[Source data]
"""

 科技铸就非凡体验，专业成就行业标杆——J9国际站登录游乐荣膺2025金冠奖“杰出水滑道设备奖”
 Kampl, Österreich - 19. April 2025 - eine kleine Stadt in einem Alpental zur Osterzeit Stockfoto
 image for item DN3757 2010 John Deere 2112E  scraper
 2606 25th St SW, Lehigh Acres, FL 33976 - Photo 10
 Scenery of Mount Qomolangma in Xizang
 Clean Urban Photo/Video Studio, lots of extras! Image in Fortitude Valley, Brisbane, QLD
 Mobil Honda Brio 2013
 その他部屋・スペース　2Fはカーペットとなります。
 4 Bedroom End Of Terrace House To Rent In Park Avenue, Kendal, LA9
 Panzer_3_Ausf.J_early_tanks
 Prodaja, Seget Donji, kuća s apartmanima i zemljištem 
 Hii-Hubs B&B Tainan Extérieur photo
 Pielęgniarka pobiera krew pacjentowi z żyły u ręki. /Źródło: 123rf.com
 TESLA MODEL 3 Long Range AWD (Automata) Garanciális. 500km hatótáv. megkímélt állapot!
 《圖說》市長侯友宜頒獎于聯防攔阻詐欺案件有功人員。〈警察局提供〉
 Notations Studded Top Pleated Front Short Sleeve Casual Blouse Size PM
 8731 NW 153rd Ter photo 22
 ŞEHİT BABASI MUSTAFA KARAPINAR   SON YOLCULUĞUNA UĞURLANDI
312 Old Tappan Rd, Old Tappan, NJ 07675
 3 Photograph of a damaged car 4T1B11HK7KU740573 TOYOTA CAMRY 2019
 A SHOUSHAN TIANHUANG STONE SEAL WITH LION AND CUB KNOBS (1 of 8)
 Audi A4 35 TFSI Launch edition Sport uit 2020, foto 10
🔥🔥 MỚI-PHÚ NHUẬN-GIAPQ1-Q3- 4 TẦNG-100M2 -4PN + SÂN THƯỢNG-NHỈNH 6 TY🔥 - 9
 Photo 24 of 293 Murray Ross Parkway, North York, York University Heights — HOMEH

"""

PROBLEM DESCRIPTION:
Reproduce, word for word and in full, only the lines above that start at the line with "image for item" and run through the line with "Pielęgniarka pobiera krew", both ends included.

EXERCISE OUTPUT:
 image for item DN3757 2010 John Deere 2112E  scraper
 2606 25th St SW, Lehigh Acres, FL 33976 - Photo 10
 Scenery of Mount Qomolangma in Xizang
 Clean Urban Photo/Video Studio, lots of extras! Image in Fortitude Valley, Brisbane, QLD
 Mobil Honda Brio 2013
 その他部屋・スペース　2Fはカーペットとなります。
 4 Bedroom End Of Terrace House To Rent In Park Avenue, Kendal, LA9
 Panzer_3_Ausf.J_early_tanks
 Prodaja, Seget Donji, kuća s apartmanima i zemljištem 
 Hii-Hubs B&B Tainan Extérieur photo
 Pielęgniarka pobiera krew pacjentowi z żyły u ręki. /Źródło: 123rf.com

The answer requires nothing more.